West Side Story: All-student production does classic justice

Since its founding in 1995, the Middlebury College Musical Players (MCMP) has committed to putting on at least one full-scale musical every academic year. In recent years, they’ve typically produced one musical each semester, and their selection for this spring was the beloved “West Side Story,” touted as their most ambitious project to date — the cast is large, the music complicated and the dance numbers elaborate.

Considering the resources available to an exclusively student-run group like MCMP, trying to do justice to a legend could have been folly; nevertheless, they put on an impressively solid show filled with a number of moments that truly shone.

The play began on an especially ambitious note, with a long and complicated overture for the 16-piece pit orchestra, filled with composer Leonard Bernstein’s trademark key changes and complex time signatures, followed by a long, wordless dance-fighting-showdown between the story’s two rival gangs, the Jets and the Sharks.

The production started out with slightly shaky legs, but soon found its footing as it transitioned into its first musical number, the well-known “Jet Song” (“When you’re a Jet, etc.”).

Generally, the play was more engrossing and enjoyable during the large dance numbers than during the acted bits, and strongest during the songs — a testament to the “West Side” soundtrack’s durability over the years.

The catchy tunes have certainly been ingrained in our cultural consciousness. Even with some of the play’s lesser-known numbers, I felt the joy of recognition as they leaped out of some storage vault in the back of my mind’s warehouse, the memory of them clear as day despite the fact that I haven’t heard some of them for years.

But on top of this, the songs were probably the best-executed aspect of MCMP’s production, and with the talent of Chris Hershey-Van Horn ’11.5 in the lead role of Tony, wonderful tunes like “Something’s Coming” and “Maria” were quite successful. On the other end of the spectrum from these musical soliloquies, large dance numbers like the “Mambo!” scene at the gym and the difficult medley “Tonight” were a great deal of fun to watch.

Finally, Michelle Alto ’12 deserves a notice for her turn as Anita, in which she captured the character’s Act I sassiness with believability and charisma.

One of the most challenging aspects of “West Side Story” is watching the contradiction between the two storylines of love and hate. The end of Act I focuses on the downward spiral following the murders of Riff and Bernardo (or Mercutio and Tybalt, for you Shakespeareans) in the “rumble.” In Act II, the blood only continues to spill, but these relentlessly dark twists are not at the heart of the play. Rather, the play’s sentimentality allows it to act as a plea for the harmony and beauty of the world that Tony and Maria envision for themselves in their short time together.
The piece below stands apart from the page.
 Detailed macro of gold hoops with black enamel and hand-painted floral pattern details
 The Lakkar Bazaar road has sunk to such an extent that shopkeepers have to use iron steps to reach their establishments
Despite all the violence that has occurred, we are given a glimmer of hope when the two gangs find some reconciliation in the end, and the tragic melds with the hopeful in a quite remarkable way. This delicate tone is quite difficult to pull off, but the MCMP team did it winningly, and for that, they deserve the thunderous applause that the packed house in the McCullough Social Space awarded them.